Below are lines of data; restate word for word those running from the line containing "Happy Birthday Backdrop" to the line containing "MSGM White Flower Leggings 01", inclusive, and no others.

#### [EXTRACTED MATERIAL]

---

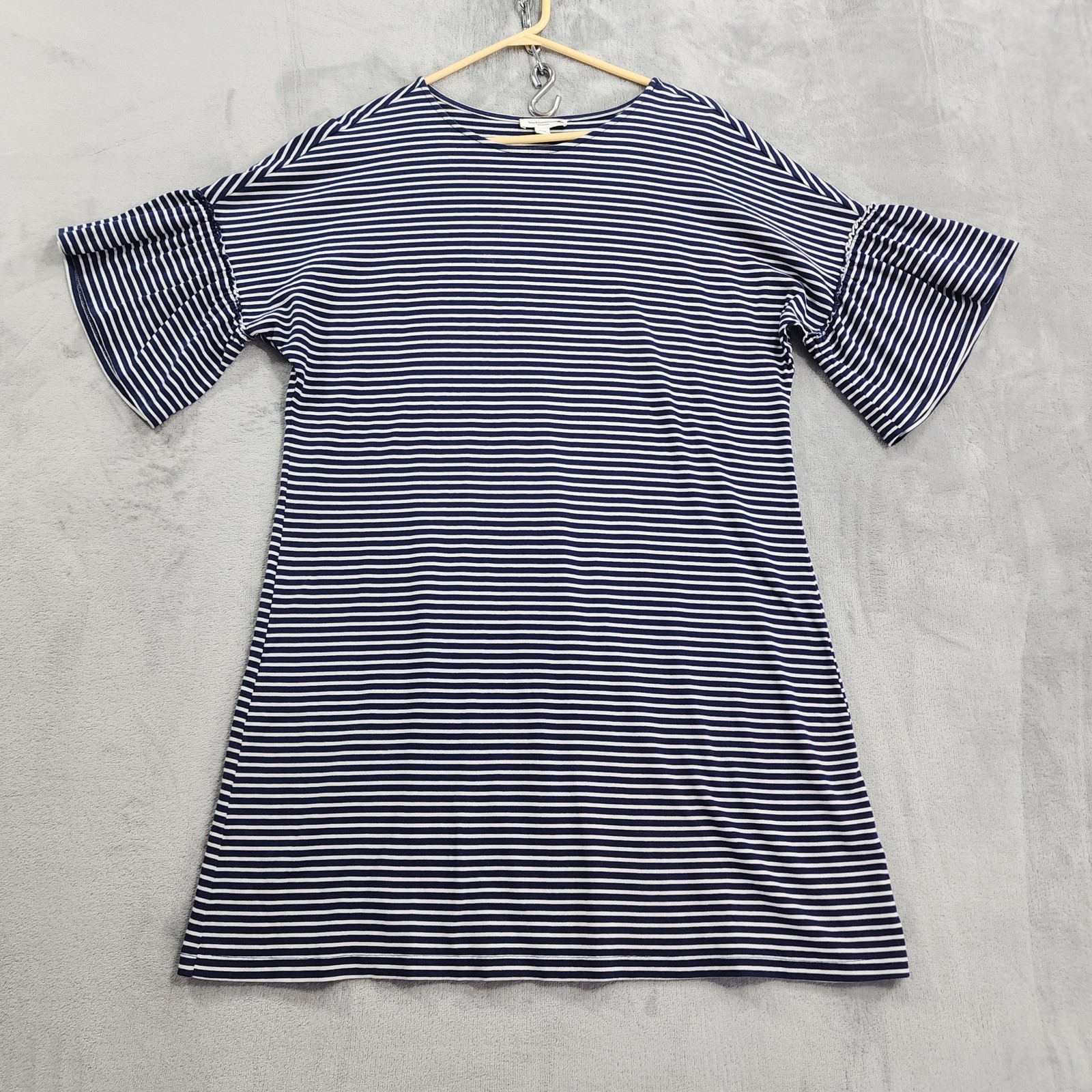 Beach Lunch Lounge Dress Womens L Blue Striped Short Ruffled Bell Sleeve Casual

---

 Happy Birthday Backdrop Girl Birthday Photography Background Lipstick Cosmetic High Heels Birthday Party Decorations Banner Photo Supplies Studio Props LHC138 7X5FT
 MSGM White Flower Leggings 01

---

#### [ANSWER FOR THE TASK]
 Happy Birthday Backdrop Girl Birthday Photography Background Lipstick Cosmetic High Heels Birthday Party Decorations Banner Photo Supplies Studio Props LHC138 7X5FT
 MSGM White Flower Leggings 01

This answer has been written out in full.